* _Goal of the exercise_:
All of the data below should be printed again word for word, pictures excluded.

* _Record extracts_:
* * *

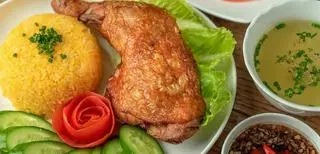 Ảnh đại diện Cơm Gà Gáy Sớm - Đường Số 10 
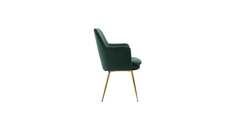 Green Tonas Accent Chair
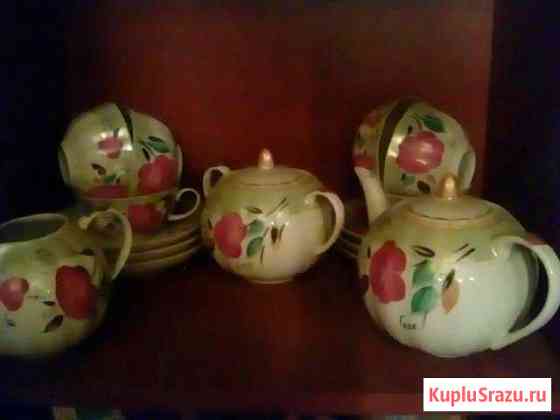 Чайный сервиз советского качества Армавир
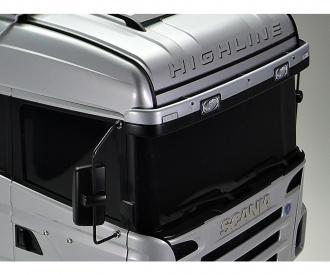 1:14 Scania R470 Silver Edition, RC model kit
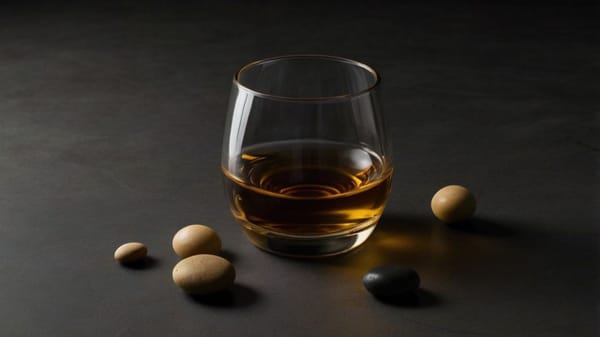 The Difference Between Whiskey Stones and Ice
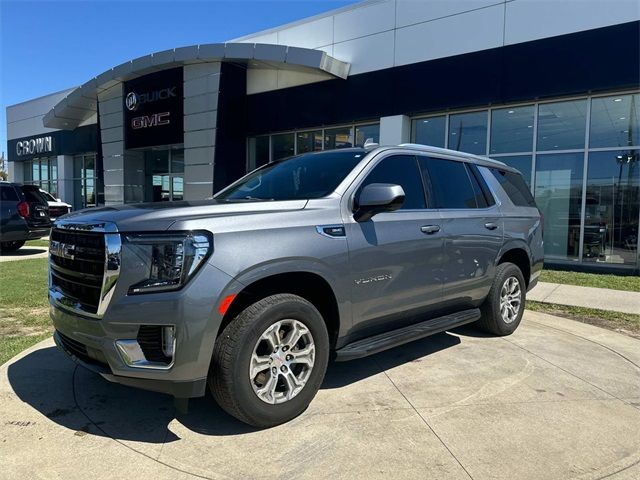 2022 GMC Yukon SLE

* * *

* _Answer section_:
 Ảnh đại diện Cơm Gà Gáy Sớm - Đường Số 10 
 Green Tonas Accent Chair
 Чайный сервиз советского качества Армавир
 1:14 Scania R470 Silver Edition, RC model kit
 The Difference Between Whiskey Stones and Ice
 2022 GMC Yukon SLE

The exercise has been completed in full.